### Recorded information
━━━━━━━━━━━━━━━━━━━━━━━━━━━━━━

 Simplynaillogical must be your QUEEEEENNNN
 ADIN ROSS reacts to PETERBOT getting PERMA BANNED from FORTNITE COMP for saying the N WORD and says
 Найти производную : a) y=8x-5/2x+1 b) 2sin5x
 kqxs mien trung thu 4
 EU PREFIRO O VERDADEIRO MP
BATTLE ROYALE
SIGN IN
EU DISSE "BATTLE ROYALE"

━━━━━━━━━━━━━━━━━━━━━━━━━━━━━━

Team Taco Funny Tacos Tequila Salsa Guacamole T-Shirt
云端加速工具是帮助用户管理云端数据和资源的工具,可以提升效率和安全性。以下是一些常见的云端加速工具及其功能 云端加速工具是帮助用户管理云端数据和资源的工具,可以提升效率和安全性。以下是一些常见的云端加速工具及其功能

━━━━━━━━━━━━━━━━━━━━━━━━━━━━━━

### Description of the task
Every line above in which the word "BATTLE" is present must be copied into the answer.

### Problem solution
BATTLE ROYALE
EU DISSE "BATTLE ROYALE"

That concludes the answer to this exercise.